(SenePlus) - Les revenus issus de la taxe appliquée aux transactions numériques au Sénégal restent nettement inférieurs aux prévisions initiales, rapporte l’agence APA, ce mardi 1er juillet 2026.
À la fin du mois de mars 2026, l’État a mobilisé environ 54,2 milliards de francs CFA, alors que l’objectif fixé atteignait 94,8 milliards. Le niveau de réalisation s’établit ainsi à 57,2 %, d’après le rapport trimestriel d’exécution budgétaire du ministère des Finances et du Budget.
Les autorités financières attribuent cet écart à plusieurs difficultés d’ordre technique et opérationnel. Elles évoquent notamment les contraintes liées à la mise en place effective du dispositif, ainsi que la complexité de l’élargissement de l’assiette fiscale, encore en phase d’identification.
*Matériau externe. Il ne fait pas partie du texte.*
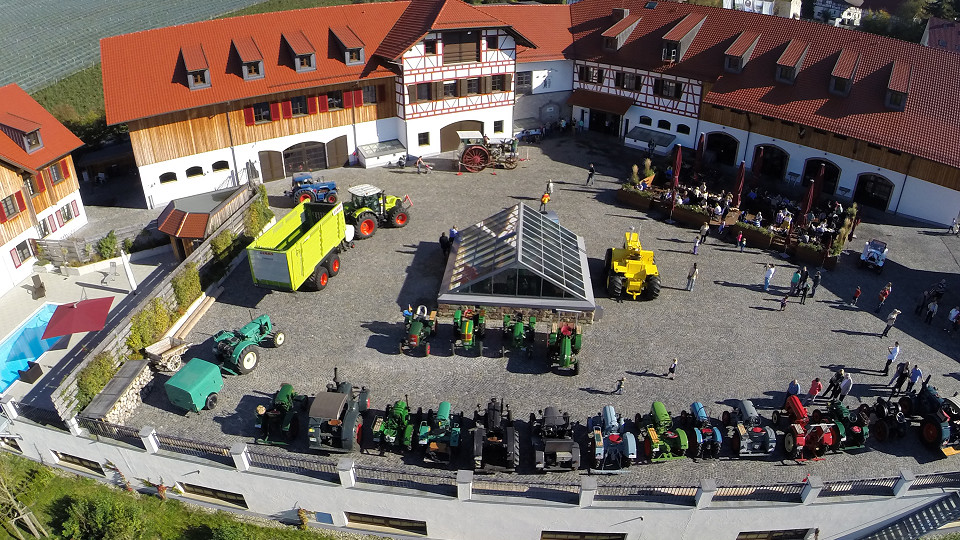 
        Auto & Traktor Museum
        Bild 1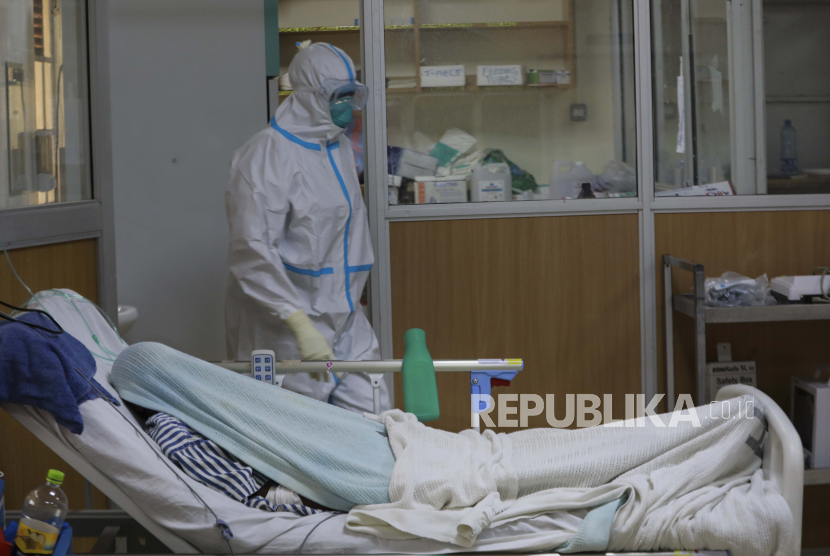  Pasien COVID-19 (bawah) menutupi dirinya saat tidur di dalam Intensive Care Unit (ICU) di rumah sakit Machakos Level 5 di Machakos, Kenya, 26 Agustus 2021 (dikeluarkan 27 Agustus 2021). Rumah sakit Kenya kehabisan oksigen dan tempat tidur ICU di tengah lonjakan infeksi varian Delta COVID-19.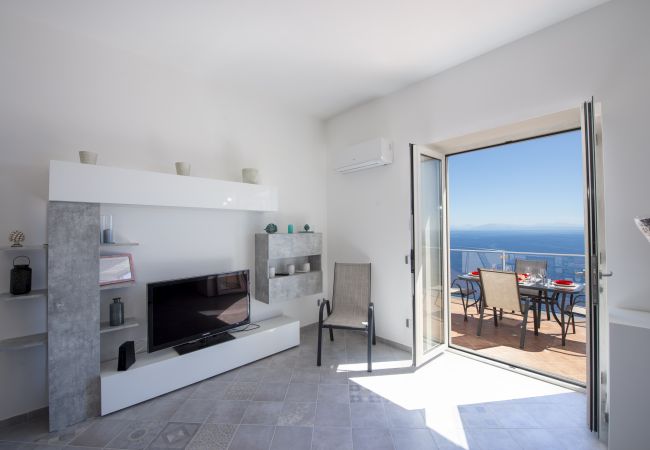 Casa a Praiano - La Dimora di Euribia - Sospesa tra cielo e mare  Casa a Praiano - La Dimora di Euribia - Sospesa tra cielo e mare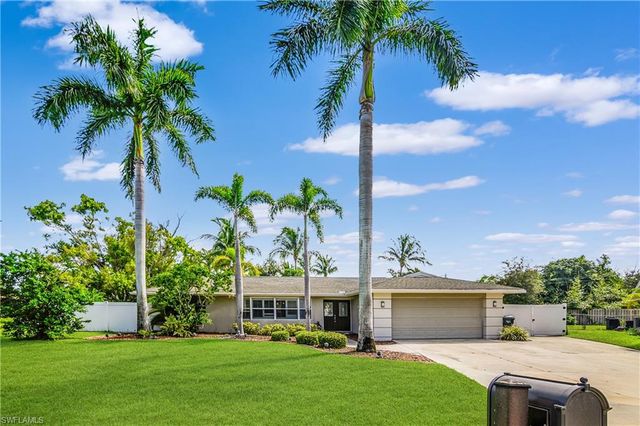 1687 N Flossmoor RD, Fort Myers, FL 33919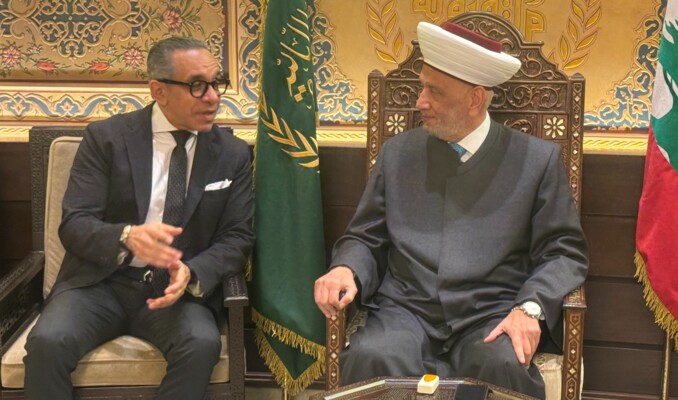 سفير مصر زار دريان: أكدنا أهمية الحوار والتفاوض وضرورة استعادة الدولة قرارها وسيادتها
Le suivi des transactions numériques concernées reste également jugé difficile par les services fiscaux.
Malgré ces limites, le ministère affiche une perspective d’amélioration progressive, misant sur une montée en puissance du système de collecte au cours de l’année 2026, avec un renforcement attendu des mécanismes de recouvrement.
L’article rappelle par ailleurs que cette fiscalité s’inscrit dans une tendance régionale déjà expérimentée. Au Ghana, une taxe similaire introduite en 2022 avait été supprimée en 2025, en raison de résultats jugés insuffisants et d’effets négatifs sur l’usage du mobile money.
Enfin, des analyses du Fonds monétaire international (FMI) citées dans le texte indiquent que ce type de prélèvement peut réduire l’utilisation des paiements mobiles et favoriser un retour au cash, avec un impact plus marqué sur les populations les moins bancarisées. Selon l’institution, dans certains cas, les pertes économiques peuvent dépasser les recettes fiscales générées.